> [EXERCISE INSTRUCTIONS] Return the lines below exactly, from the first line to the line that contains "48 and 18. We're". Leave out pictures.

> [SUPPLIED MATERIAL]

•••••

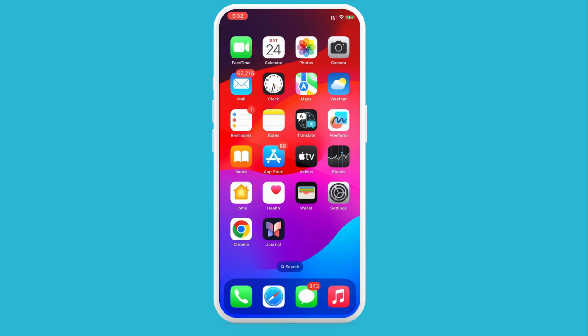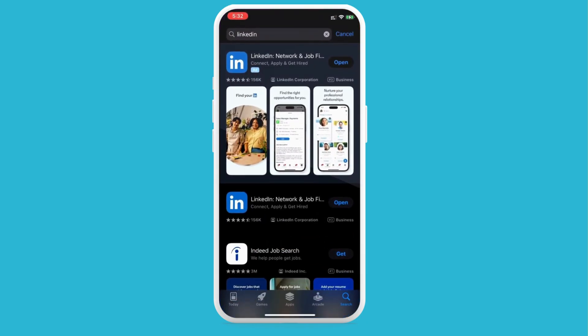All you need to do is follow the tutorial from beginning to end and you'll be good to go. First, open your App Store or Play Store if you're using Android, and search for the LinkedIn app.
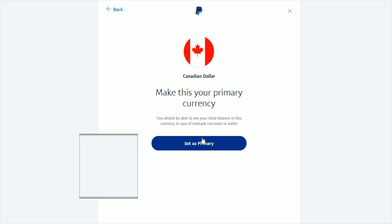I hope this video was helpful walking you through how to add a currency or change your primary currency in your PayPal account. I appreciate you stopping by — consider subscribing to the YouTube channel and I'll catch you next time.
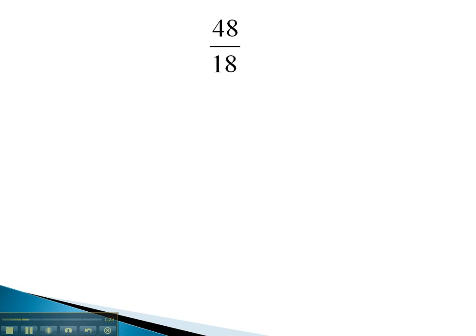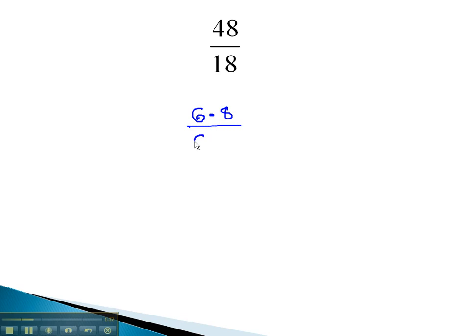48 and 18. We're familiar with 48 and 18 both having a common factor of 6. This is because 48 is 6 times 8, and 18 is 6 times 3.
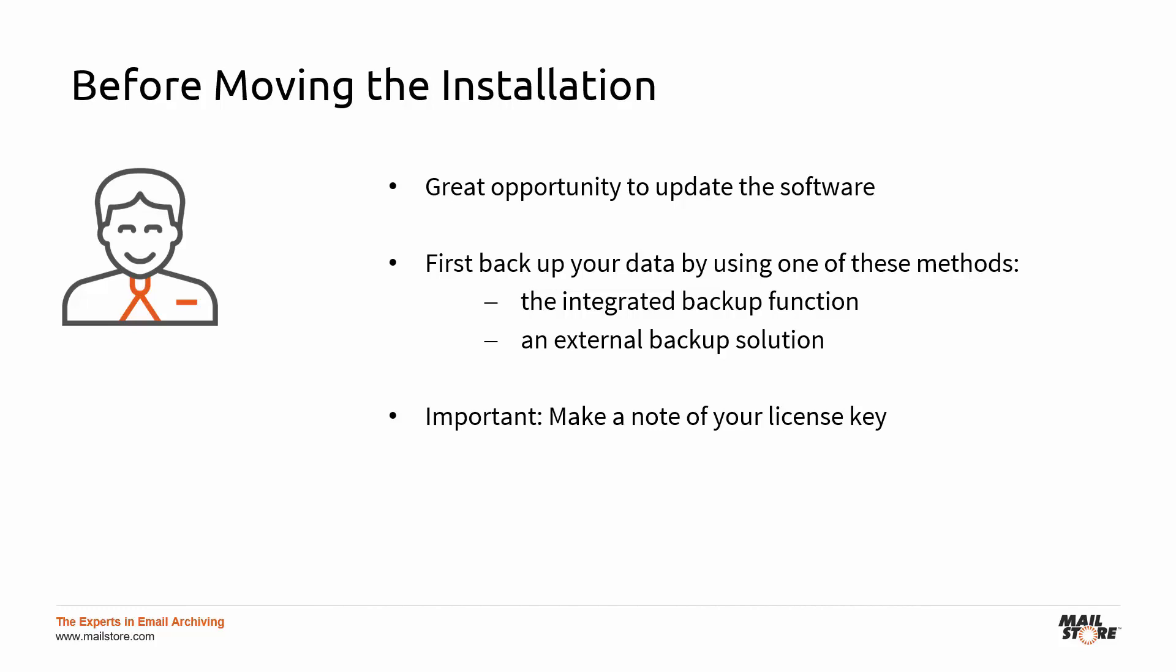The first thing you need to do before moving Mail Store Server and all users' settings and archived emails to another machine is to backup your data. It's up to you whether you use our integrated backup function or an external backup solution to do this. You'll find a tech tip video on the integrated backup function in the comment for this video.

•••••

> [RESPONSE BOX]
All you need to do is follow the tutorial from beginning to end and you'll be good to go. First, open your App Store or Play Store if you're using Android, and search for the LinkedIn app.
I hope this video was helpful walking you through how to add a currency or change your primary currency in your PayPal account. I appreciate you stopping by — consider subscribing to the YouTube channel and I'll catch you next time.
48 and 18. We're familiar with 48 and 18 both having a common factor of 6. This is because 48 is 6 times 8, and 18 is 6 times 3.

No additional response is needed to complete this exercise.